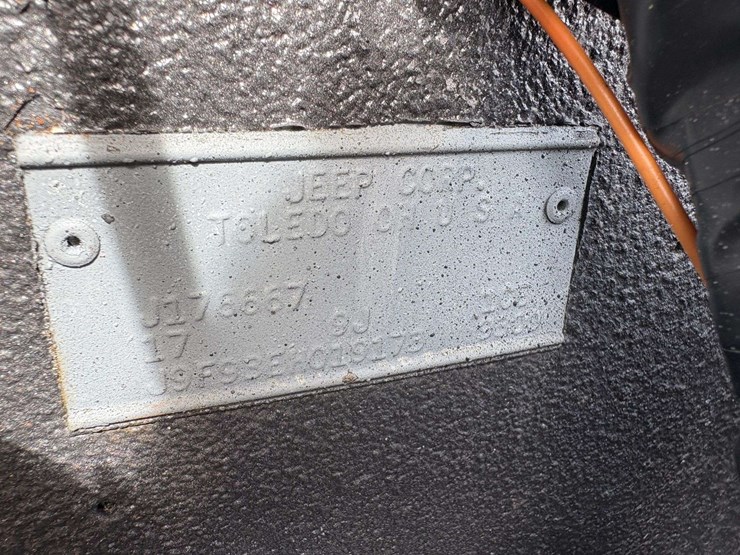 1979-jeep-cj7-2-door-w/-bikini-top-image-40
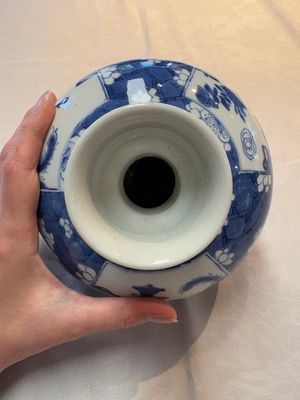 A Chinese blue and white 'antiquities' hookah base, Kangxi — photo 8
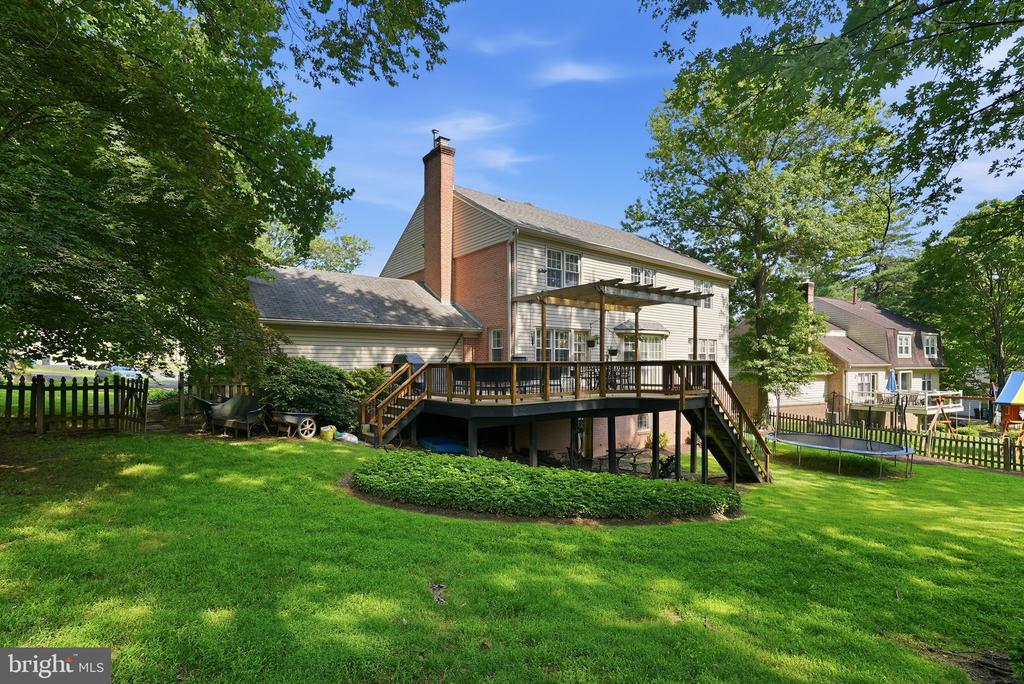 15204 WINSTEAD LANE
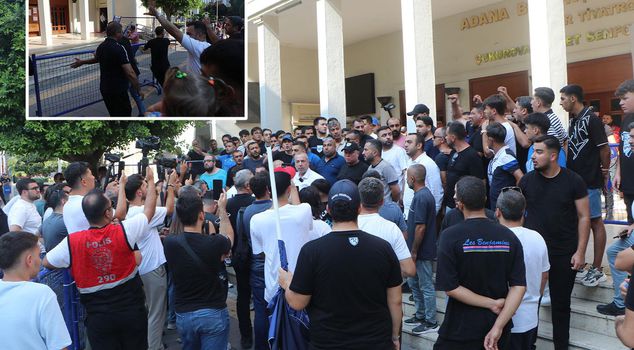 Adana Demirspor fans tried to enter the municipal building, chaos erupted.
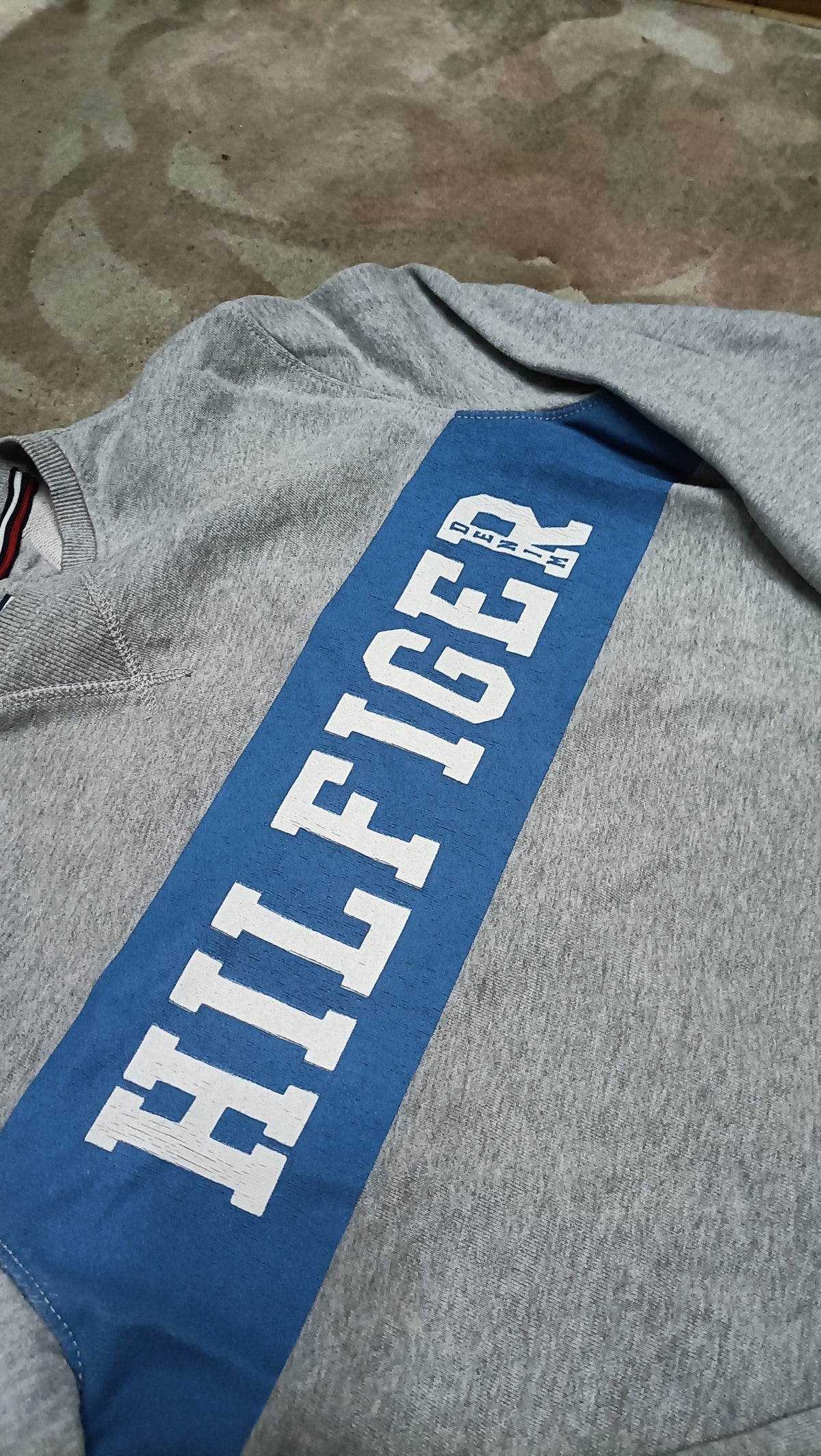 Sweat Tommy Hilfiger Gris - Taille S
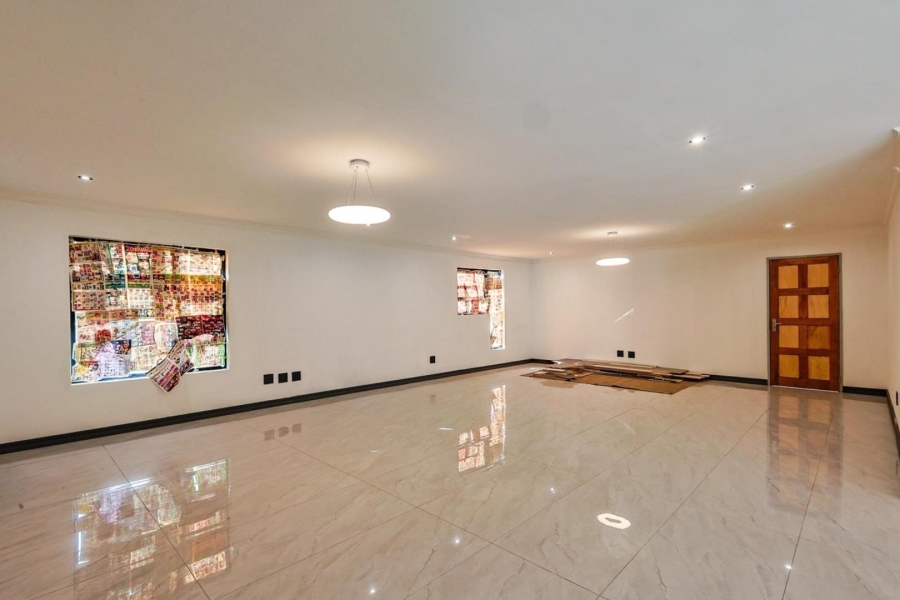 6 Bedroom Property for Sale in Meyerspark Gauteng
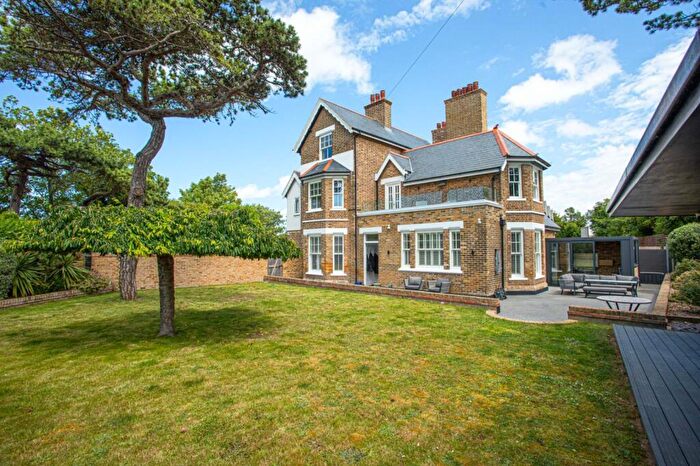 5 Bedroom Detached House For Sale In Hengist Road, Westgate-on-Sea, Kent, CT8
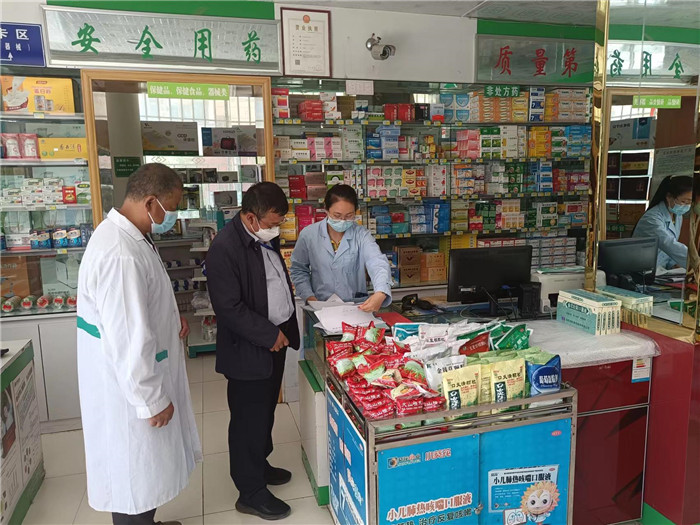 甘南州合作市紀委監(jiān)委第一督查組在合作市世紀大藥房進行督查檢查。.jpg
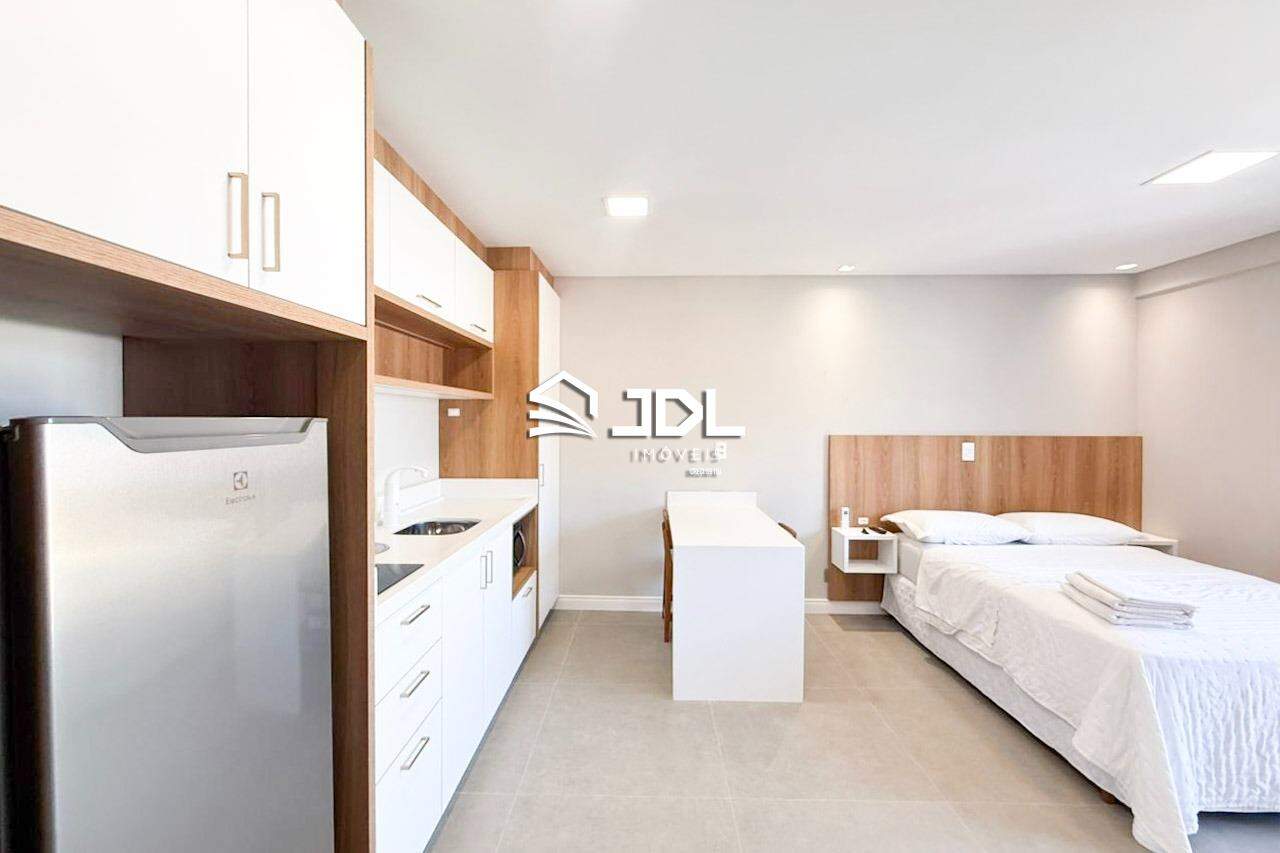 Apartamento à venda no bairro Velha: 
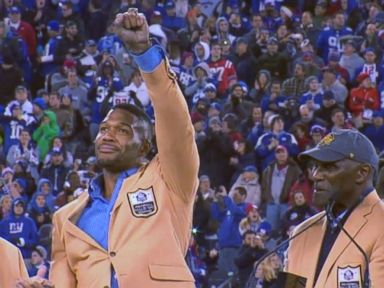 VIDEO: Michael Strahan Receives Hall of Fame Honors at Giants Game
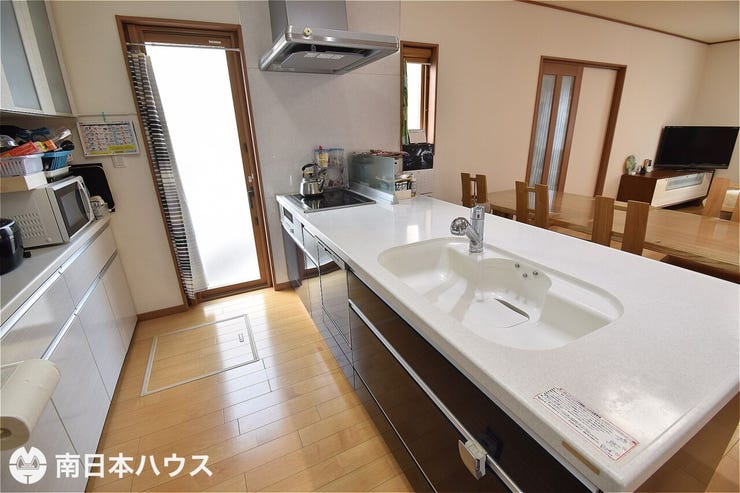 【キッチン】IHクッキングヒーター、食器洗浄乾燥機、浄水機能付き水栓を備えたオープンキッチンです!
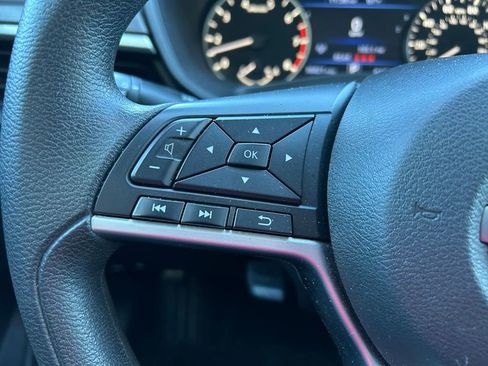 Used 2023 Nissan Altima 2.5 SV image 19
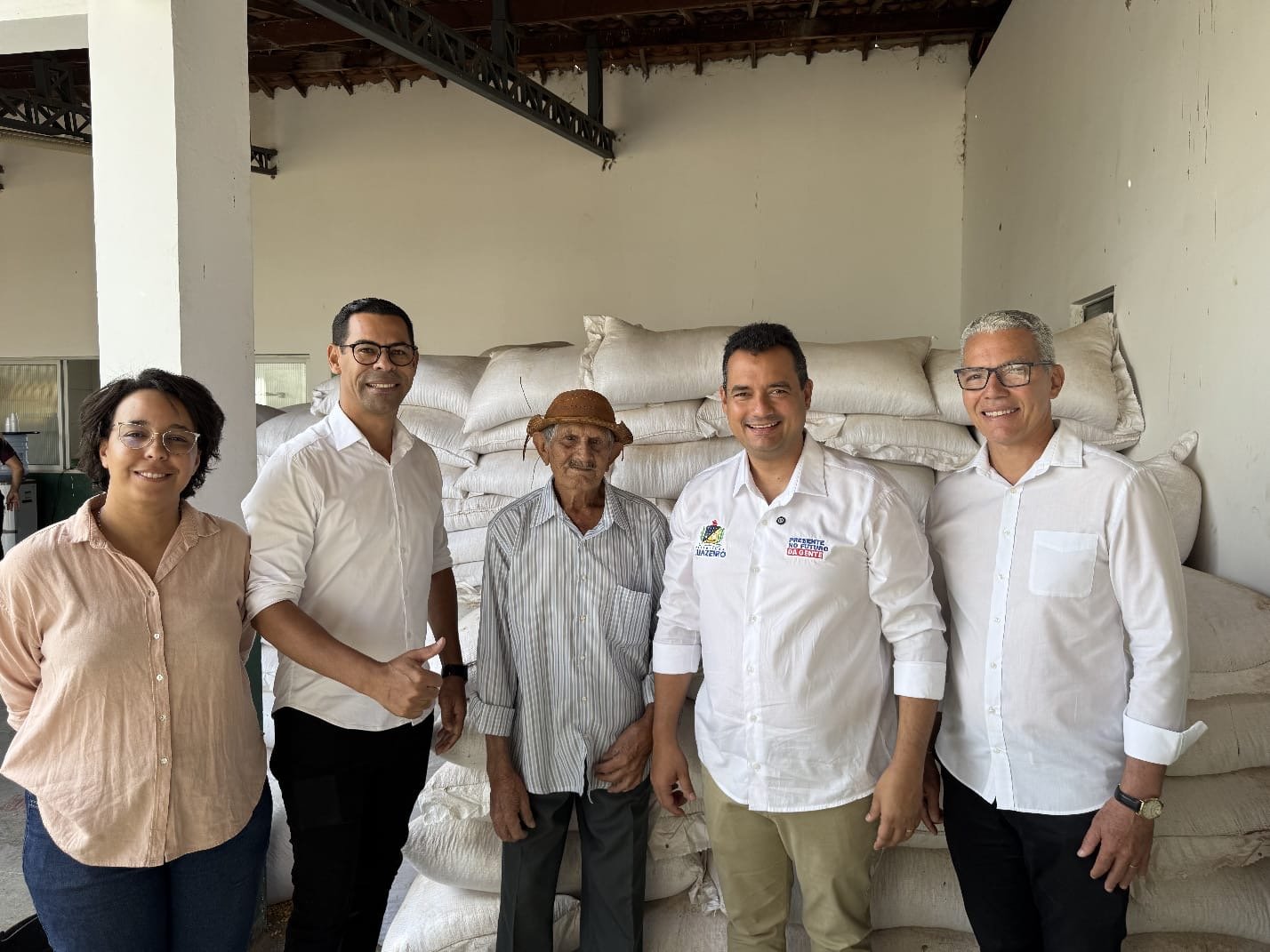 Prefeitura de Juazeiro inicia entrega de milho para pequenos produtores afetados pela estiagem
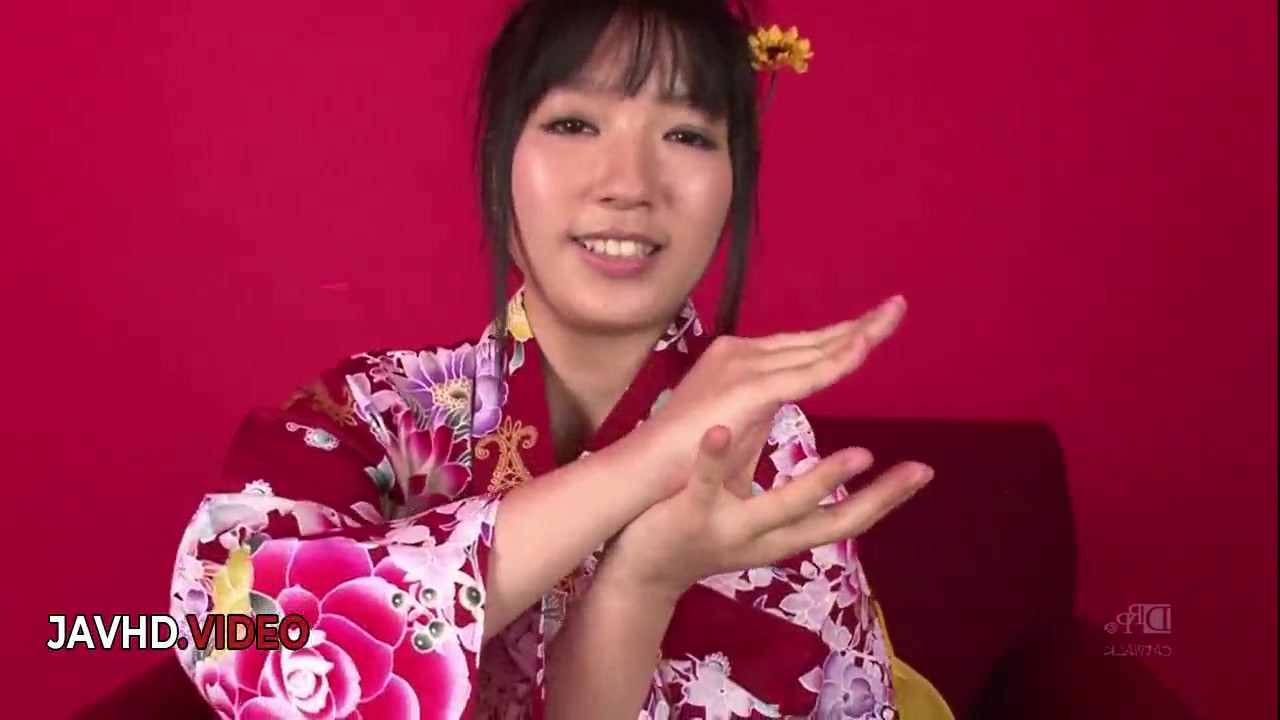 千春は情熱的なJAVフェラチオを披露し、着物姿で激しく突き進む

———

### What to do
The listing above must be given again exactly, minus its pictures.

### Exercise answer
 1979-jeep-cj7-2-door-w/-bikini-top-image-40
 A Chinese blue and white 'antiquities' hookah base, Kangxi — photo 8
 15204 WINSTEAD LANE
 Adana Demirspor fans tried to enter the municipal building, chaos erupted.
 Sweat Tommy Hilfiger Gris - Taille S
 6 Bedroom Property for Sale in Meyerspark Gauteng
 5 Bedroom Detached House For Sale In Hengist Road, Westgate-on-Sea, Kent, CT8
 甘南州合作市紀委監(jiān)委第一督查組在合作市世紀大藥房進行督查檢查。.jpg
 Apartamento à venda no bairro Velha: 
 VIDEO: Michael Strahan Receives Hall of Fame Honors at Giants Game
 【キッチン】IHクッキングヒーター、食器洗浄乾燥機、浄水機能付き水栓を備えたオープンキッチンです!
 Used 2023 Nissan Altima 2.5 SV image 19
 Prefeitura de Juazeiro inicia entrega de milho para pequenos produtores afetados pela estiagem
 千春は情熱的なJAVフェラチオを披露し、着物姿で激しく突き進む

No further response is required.